Review: A Few Easily Confused Points

Several key questions, I've compiled them here.

1. Why Recommend requestAnimationFrame

Syncs with screen refresh rate: reduces wasted draws, lowers CPU/GPU overhead.
Auto-throttling: automatically pauses when the page is not visible, saving resources.
Better performance: more suitable for animation loops than setInterval/setTimeout.

2. Three Steps of the Animation Loop

1. clear: Clear the previous frame
2. draw: Draw the current state
3. update: Update the next state

3. Self-Test Questions

1. What is the purpose of the object returned by getContext('2d')?
2. What is the difference between fillRect and strokeRect?
3. What role does clearRect play in frame animation?
4. Why is it not recommended to use setInterval for animation?
5. What is the relationship between ECharts and Canvas?

How to Understand Now

I hope this article gives everyone a more concrete understanding of "what front-end can draw."

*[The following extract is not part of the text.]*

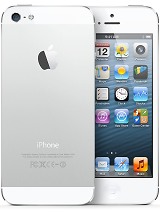 Best available price of Apple iPhone 5 in Indonesia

<canvas> is not a replacement for DOM, but a supplement. When you need a large number of dynamic graphics, game screens, or data visualizations, Canvas is more efficient than manipulating DOM nodes. Libraries like ECharts further illustrate that in an engineering society, we rarely call Canvas API directly to draw a complete dashboard; more often, we configure and extend on top of existing abstractions.

The airplane mini-game example also let me experience the Vibe Coding workflow again: first, break down requirements into an MVP with AI, then have AI generate the code skeleton, and finally manually review, debug, and iterate. The technical points of the Canvas game itself are certainly important, but what's more worth remembering is "how to turn an idea into a runnable project."

Additionally, although the requestAnimationFrame knowledge point is small, it connects many basic concepts of front-end performance optimization: screen refresh rate, rendering pipeline, wasted draws. In the future, when I see animation stuttering, game frame drops, or dashboard refresh issues, I'll first think about whether the animation scheduling method was chosen correctly.

This lesson didn't involve any major new frameworks to learn, but it gave us a feel for the browser's underlying drawing capabilities. If we continue in the direction of gaming or visualization, three.js and more complex ECharts configurations will be natural extensions.